Vulnerability and Risk: New Orleans vs. Haiti

In 2006, director Spike Lee gave us a powerful look into the disastrous effects of Hurricane Katrina on the city of New Orleans with his documentary, “When the Levees Broke”. Five years later, the follow up film “If God Willing and the Creek Don’t Rise” brings us back to the home of the recently crowned Super Bowl champs to see their recovery progress. Unfortunately, we discover that underneath all the football excitement remains a community and city that are still very much wounded. The film chronicles the struggles endured by the city’s inhabitants after all the floodwater drained, FEMA left, and the rest of the world went on with their lives, specifically focusing on those that call the Ninth Ward of New Orleans home. The film was a continuation of stories depicting the hope and heartbreak felt by those still displaced by, suffering from, and recovering from Katrina.
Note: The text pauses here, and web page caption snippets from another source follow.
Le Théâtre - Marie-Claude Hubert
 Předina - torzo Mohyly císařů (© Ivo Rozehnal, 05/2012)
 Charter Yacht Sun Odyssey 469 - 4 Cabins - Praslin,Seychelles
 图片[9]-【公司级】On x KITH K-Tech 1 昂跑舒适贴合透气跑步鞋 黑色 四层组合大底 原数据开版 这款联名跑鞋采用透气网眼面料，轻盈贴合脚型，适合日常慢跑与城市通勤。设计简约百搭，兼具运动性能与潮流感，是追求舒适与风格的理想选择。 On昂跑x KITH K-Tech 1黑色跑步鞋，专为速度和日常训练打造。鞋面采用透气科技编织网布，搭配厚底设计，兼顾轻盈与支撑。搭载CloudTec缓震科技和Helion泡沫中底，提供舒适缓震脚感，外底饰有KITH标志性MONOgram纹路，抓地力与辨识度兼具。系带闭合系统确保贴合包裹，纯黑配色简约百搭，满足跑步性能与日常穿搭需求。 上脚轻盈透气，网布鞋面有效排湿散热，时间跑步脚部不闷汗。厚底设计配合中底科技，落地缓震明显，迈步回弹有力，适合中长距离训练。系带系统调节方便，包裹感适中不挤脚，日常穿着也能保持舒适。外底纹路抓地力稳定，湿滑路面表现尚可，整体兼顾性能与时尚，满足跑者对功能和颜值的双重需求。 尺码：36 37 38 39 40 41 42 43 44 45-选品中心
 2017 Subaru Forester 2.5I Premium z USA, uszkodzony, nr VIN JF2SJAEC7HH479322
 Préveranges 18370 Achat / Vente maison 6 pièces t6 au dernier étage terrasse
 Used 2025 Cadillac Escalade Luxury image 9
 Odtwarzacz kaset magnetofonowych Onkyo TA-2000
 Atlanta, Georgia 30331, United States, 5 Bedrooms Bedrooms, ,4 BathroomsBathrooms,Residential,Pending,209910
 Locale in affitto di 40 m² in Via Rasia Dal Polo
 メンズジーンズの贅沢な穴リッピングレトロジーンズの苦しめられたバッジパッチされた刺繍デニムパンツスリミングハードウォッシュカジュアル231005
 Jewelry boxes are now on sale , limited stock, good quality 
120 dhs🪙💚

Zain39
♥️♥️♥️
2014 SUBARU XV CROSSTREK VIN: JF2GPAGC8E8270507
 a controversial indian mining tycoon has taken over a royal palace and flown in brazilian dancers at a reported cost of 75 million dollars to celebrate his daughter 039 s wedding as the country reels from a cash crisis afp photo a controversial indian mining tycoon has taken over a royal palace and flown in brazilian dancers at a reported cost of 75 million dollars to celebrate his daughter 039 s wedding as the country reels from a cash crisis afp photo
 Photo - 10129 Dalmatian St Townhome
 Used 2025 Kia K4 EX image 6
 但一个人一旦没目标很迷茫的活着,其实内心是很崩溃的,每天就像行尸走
But, the most interesting part of the film for me came towards the end, when Spike Lee centered on the recent earthquake in Haiti and in which he likened the devastation endured by the citizen of Haiti to that of the people of New Orleans, which I believe is a good comparison in terms of environmental justice, but not in magnitude.

There are comparisons that can be made between the earthquake in Haiti and Hurricane Katrina on New Orleans in regards to their exposed locations, social vulnerability, and the unequal distribution of aid. In New Orleans, the Ninth Ward was hit the hardest and was also the most unprepared and socially vulnerable. This caused immense devastation that only got worse after the storm. The Ninth Ward is a predominantly low-income, African American and other non-white individual’s community, who did not have or were not given the necessary means to bounce back after the Hurricane, such as insurance, mortgage relief, and compensation for damages. Because of the claimed racial bias in aid distribution, many inhabitants have still not been able to come back home. Haiti is an African American nation and one of the poorest countries in the world and was subject to environmental racism in the distribution of resources even before the earthquake.

However, there are also some differences. In the aftermath of Katrina, the New Orleans government was in charge of all the money donated for relief. This gave the government the power to do what they wanted with the money and the Ninth Ward was often ignored with regards to the distribution of capital. On the other hand, the Haitian government was not in control of any relief money, leaving it up to the NGO’s and other volunteers.

Finally, despite some of the similarities, Haiti was incredibly more devastated. While New Orleans saw 1100 people die in Katrina, Haiti lost hundreds of thousands of people. Haiti was in distress prior to the earthquake with most of its citizens living in tightly concentrated slums. So, although Haiti received an out pour of support, it could never be enough. Bottom line, New Orleans had something to rebuild, while the Haitians were just trying to survive.